3 1/4 c. all-purpose flour
1 t. salt
1 c. butter
3/4 c. plus 1-2 T. milk
1 egg yolk
2 c. sugar
1/3 c. cornstarch
5 c. fresh or frozen unsweetened raspberries, thawed and drained
3 c. sliced fresh or frozen rhubarb, thawed and drained*

Vanilla Icing:
1 1/4 c. confectioners' sugar
1/2 t. vanilla extract
5-6 t. milk

In a large bowl, combine flour and salt; cut in butter until crumbly.  Whisk 3/4 c. milk and egg yolk; gradually add to flour mixture, tossing with a fork until dough forms a ball.  Add additional milk, 1T. at a time, if necessary.

Divide dough in half so that one portion is slightly larger than the other; wrap each in plastic wrap.  Refrigerate for 1 hour or until easy to handle.

Roll out larger portion of dough between two large sheets of lightly-floured waxed paper into an 18x13" rectangle.  Transfer to an ungreased 15x10x1" baking pan.  Press onto the bottom and up the sides of pan; trim pastry to 1/2" above edges of pan.
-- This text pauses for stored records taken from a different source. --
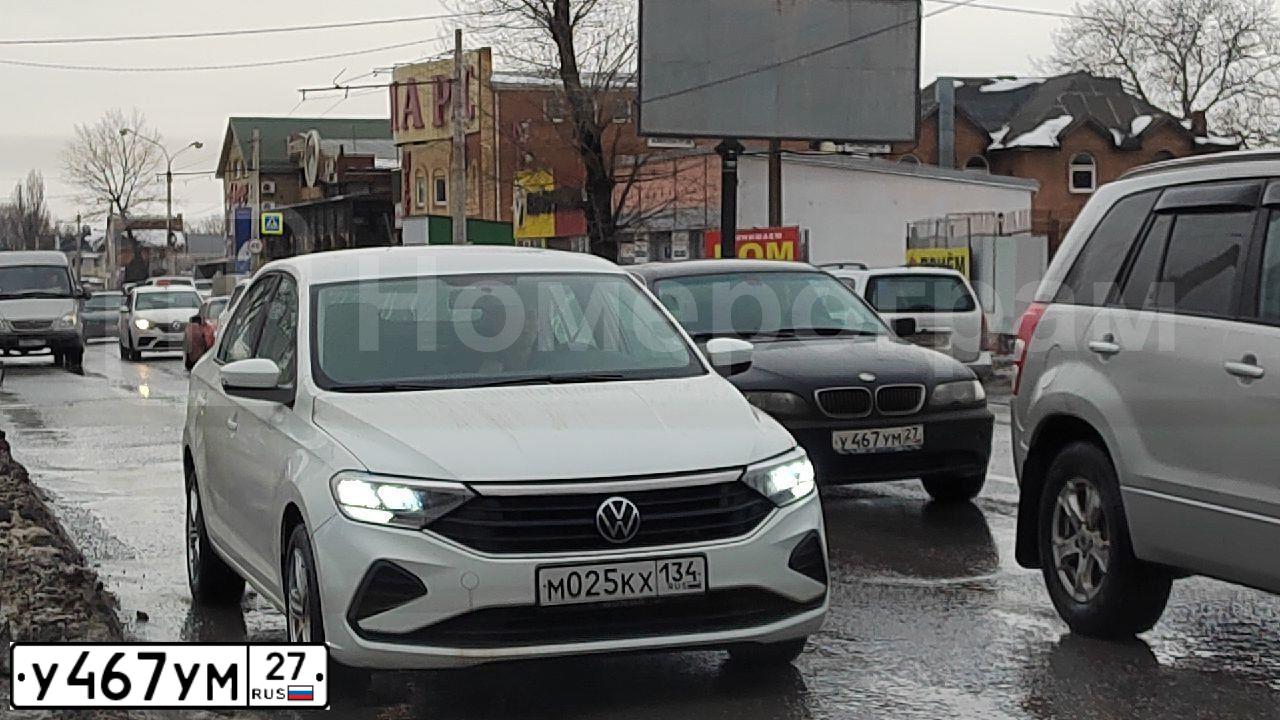 Фото автомобиля BMW SERIE 3, 2002 — госномер У467УМ27. Цвет: ЧЕРНЫЙ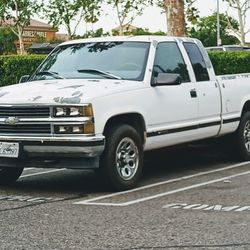 1997 Chevrolet C/K 1500 Series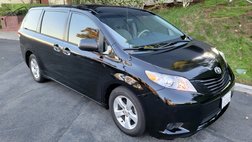 2014 Toyota Sienna L 7-Passenger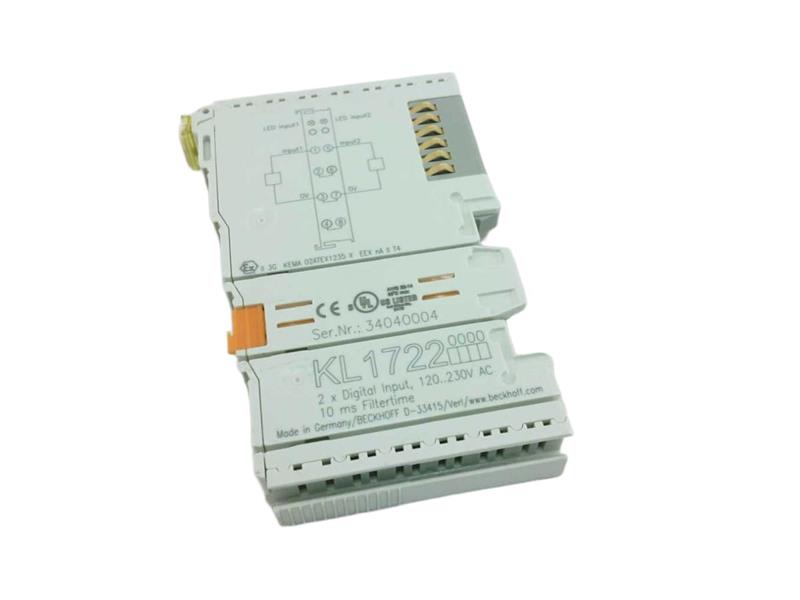 BECKHOFF KL1722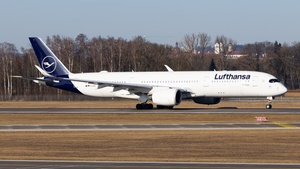Photo of D-AIXQ - Airbus A350-941 operated by Lufthansa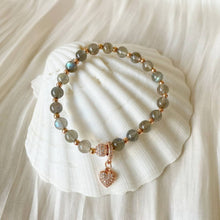 Load image into Gallery viewer, [Jamstones x Lavval] Crystal Candy Bracelet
In a large bowl, combine sugar and cornstarch.  Add raspberries and rhubarb; toss together to coat.  Spoon into pastry.

Roll out remaining dough; place over filling.  Fold bottom pastry over edge of top pastry; seal with a fork.  Prick top with a fork.

Bake at 375 degrees for 45-55 min. or until golden brown.  Cool completely on a wire rack.

For icing, combine confectioners' sugar, vanilla, and enough milk to achieve a drizzling consistency; drizzle over pie.  Cut pie into squares.

*Note:  If using frozen rhubarb, measure rhubarb while still frozen, then thaw completely.  Drain in a colander, but do not press liquid out.